Second, once the importance of the border is coherently demonstrated, efforts can be launched to establish better governance mechanisms within Canada and the United States and between them. With regard to internal governance mechanisms, although the Department of Homeland Security will be in the mix, it is not clear whether stakeholders interested in economic aspects of border governance should continue knocking exclusively on its door — or expect much change from it — as this agency, as demonstrated above, is doing what it was set up to do. Other departments and agencies, including the Departments of State, Transportation and Commerce, can be brought into the mix in a way that goes beyond current efforts at coordination. Then, conversations between Canada and the United States about a collaborative border governance framework — perhaps one modelled upon NORAD — can begin to take root. Although this effort will take time to bear fruit, the contours of a collaborative framework can begin to take shape within and among the bureaucracies in each country. The power of these binational networks should not be underestimated, as they can pave the way to new border governance arrangements.

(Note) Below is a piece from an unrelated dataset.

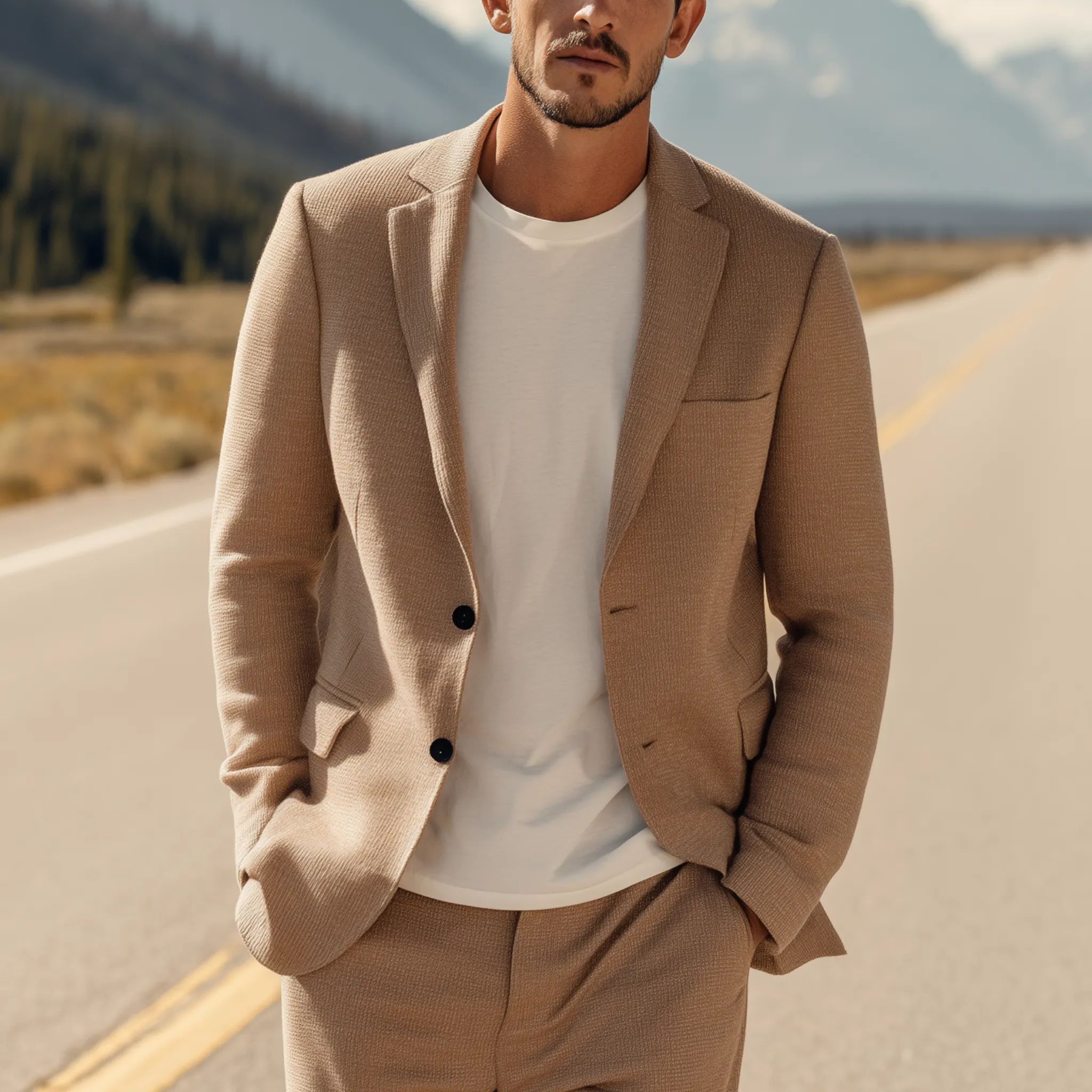 Men's Classic Casual Solid Color Single-breasted Slim Fit Knitted Blazer MTA0206H8K sold by Manly product image thumbnail 2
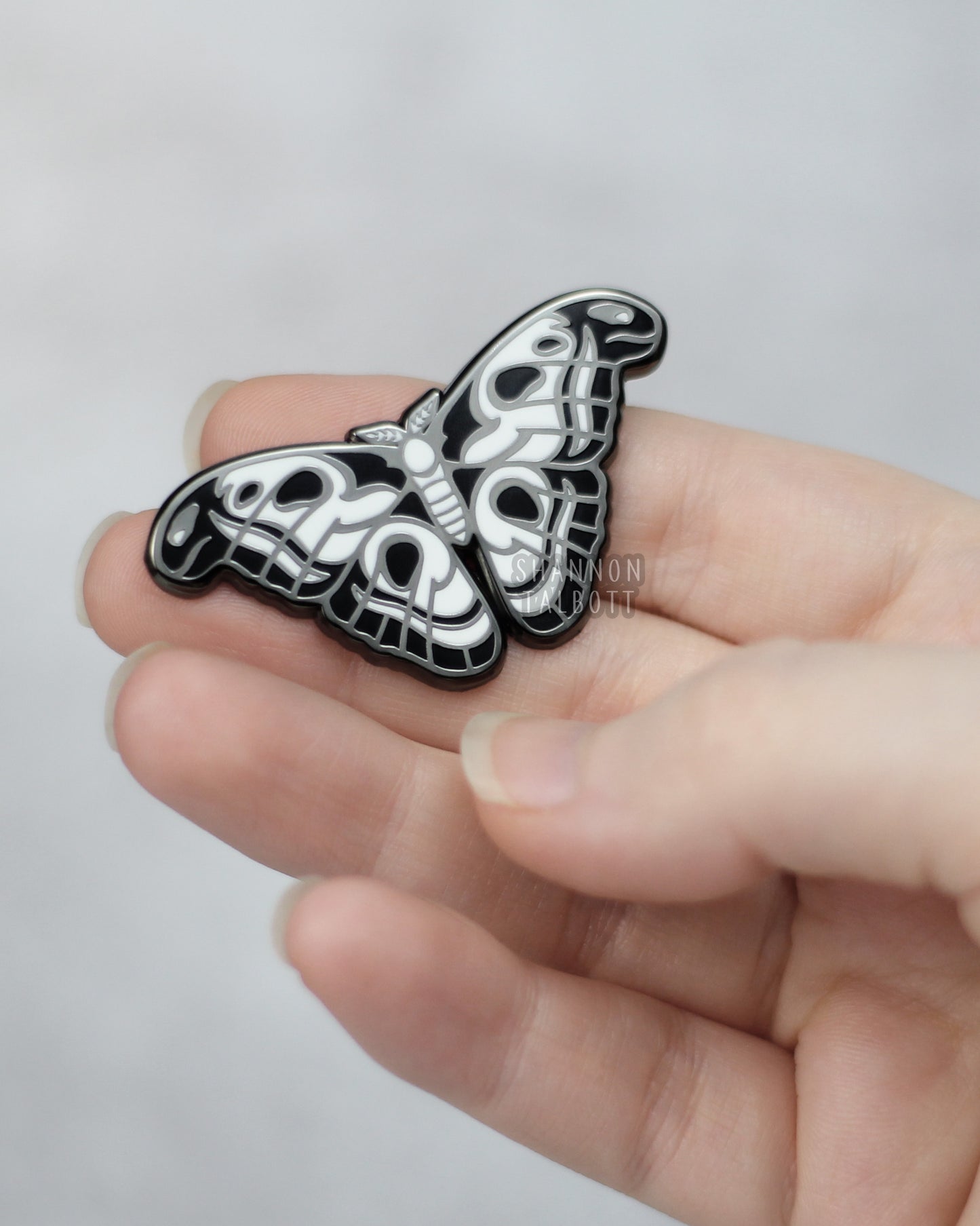 Atlas Moth Enamel Pin in Black Nickel Plating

In the end, there is good news and bad news when thinking about the border as a governance problem. The bad news is that forging a well-governed border will continue to be an uphill struggle. Unlike September 11, which served as a shock to the American people, economic decline related to the border is more akin to a slow burn, that is, although not as obvious as a shock to the system, it can be just as devastating. The good news is that the global recession provides an opportunity to link recovery of the United States and President Obama’s legacy to border policy. This legacy could include laying the foundation for a well-governed border between Canada and the United States, thus ensuring the security and competitiveness of North America in the globalized world of the 21st century.
The author would like to thank Kathryn Foster, director of the Regional Institute, whose work on regional governance and resilience served as the basis for some of the ideas presented in this piece.